The leader of the opposition asked for that today with respect to Bill C-51. The government, of course, would never do that. It just wants to go lose again in the Supreme Court.

The Spencer case in 2014 established that warrantless searches are a bad thing. How can the government then put these searches into Bill S-4, the bill before us, and pretend it is going to be constitutional? It is great work for lawyers. I have many friends who welcome the government's position because it is a make-work project for constitutional lawyers, but is it helping the Canadian taxpayers? Is it helping the e-commerce businesses, those little businesses from coast to coast that are struggling in this international economy? Do they have the clarity they need to go forward? Why do we have to waste our time with yet another Supreme Court loss by the government? It makes no sense.

Could the government have co-operated a little with people of good faith who wanted to make it better and solve this problem, as New Democrats tried to do in committee? One would think the government would welcome that, but it simply said no.

My next point is kind of a technical thing, but I want to raise it. We talked about breach notification, and I want to give an idea of how complicated this is for the little mom-and-pop or individual family businesses that are now arising in the economy. Clause 10, which would add section 10.1 to PIPEDA, talks about the kind of notification that is required when there is a breach. I want to give an idea of how complicated this can be and how lack of clarity means something.

Proposed subsection 10.1(5) says, “The notification shall be conspicuous and shall be given directly to the individual in the prescribed form and manner, except in prescribed circumstances, in which case it shall be given indirectly in the prescribed form and manner.”

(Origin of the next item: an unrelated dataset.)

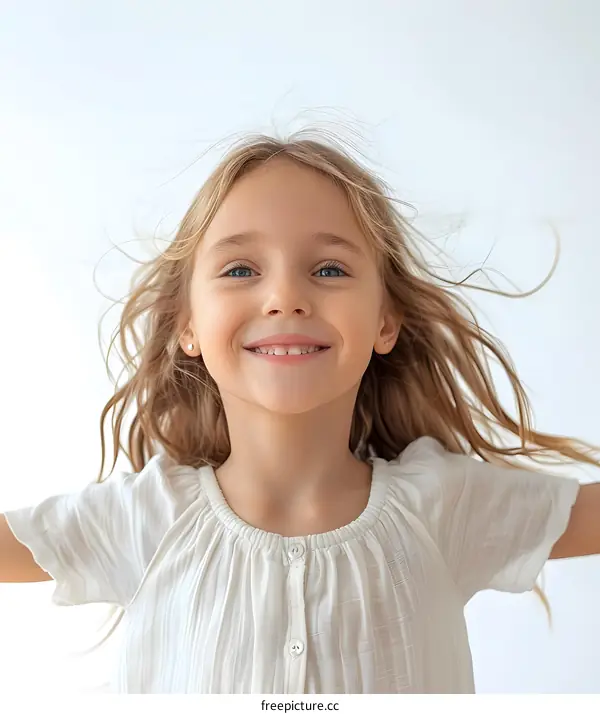 Portrait of a happy little girl with blond hair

Three times the word “prescribed” is mentioned, which means it will be prescribed by regulation to follow later. There would be regulations that would define the kinds of things that would have to be done to give notification of a breach. However, as an example, let us take a small business that is trying to do the right thing. When there is a breach, it wants to notify people immediately. What is it going to do? Until there are regulations, it is utterly meaningless.

I know the government will bring in regulations eventually. That is a good thing, and I am sure companies are looking forward to seeing them, but as they plan ahead in this incredibly dynamic sector, they do not have a clue, and neither do we. None of us can say what those prescribed requirements are, because “prescribed” means to follow later in regulations, regulations nowhere to be found. People will have to try to figure that out. People sitting in a little start-up in Victoria or St. John's or Toronto or Montreal will have to try understand how to work their way through this difficult bill.

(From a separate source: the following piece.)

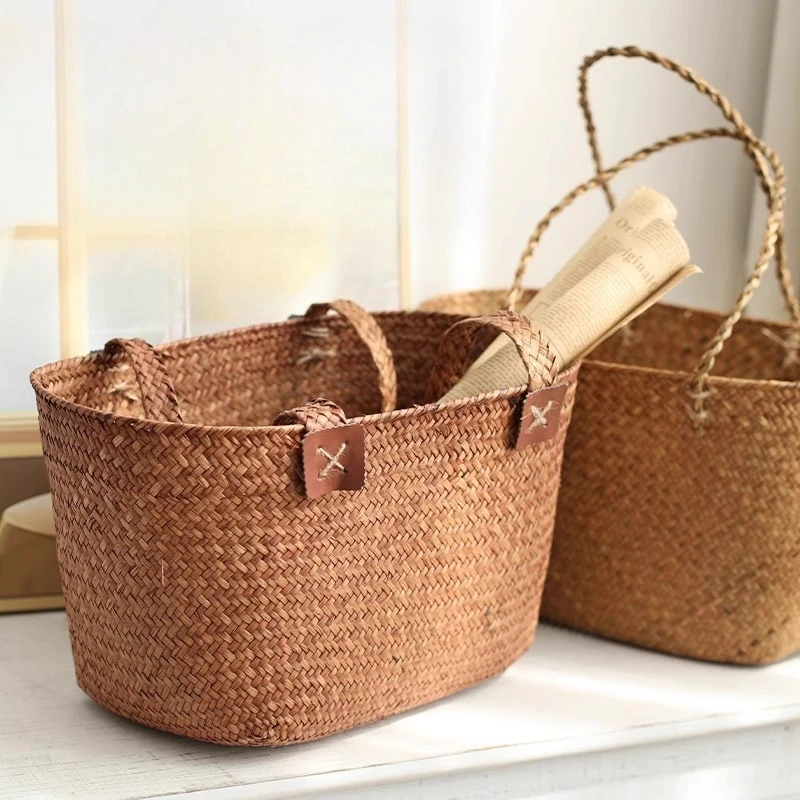 大きな天然草の手織りトートバッグ、クリエイティブな家庭用食料品バスケット、カントリーピクニックペットキャリアバスケット、手作り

It is a history of neglect. It is a history of failure to listen to the opposition, which wanted to work together to create this regime. It has a history of eight or nine years in coming to the dying days of Parliament, but we should not worry, because it is urgent now, according to the Minister of Industry.

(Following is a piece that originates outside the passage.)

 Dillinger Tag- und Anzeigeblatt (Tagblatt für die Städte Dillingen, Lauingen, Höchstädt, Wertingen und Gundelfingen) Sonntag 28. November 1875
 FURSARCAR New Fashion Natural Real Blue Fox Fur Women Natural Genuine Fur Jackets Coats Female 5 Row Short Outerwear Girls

New Democrats do not believe it.

Therefore, I move:

That the motion be amended by deleting all the words after the word “That” and substituting the following:

“this House decline to give third reading to Bill S-4, An Act to amend the Personal Information Protection and Electronic Documents Act and to make a consequential amendment to another Act, because it:

a) threatens the privacy protections of Canadians by allowing for the voluntary disclosure of their personal information among organizations without the knowledge or consent of the individuals affected;

b) fails to eliminate loopholes in privacy law that allow the backdoor sharing of personal information between Internet service providers and government agencies;

c) fails to put in place a supervision mechanism to ensure that voluntary disclosures are made only in extreme circumstances;

d) does not give the Privacy Commissioner of Canada adequate order-making powers to enforce compliance with privacy law; and

e) proposes a mandatory data-breach reporting mechanism that will likely result in under-reporting of breaches.”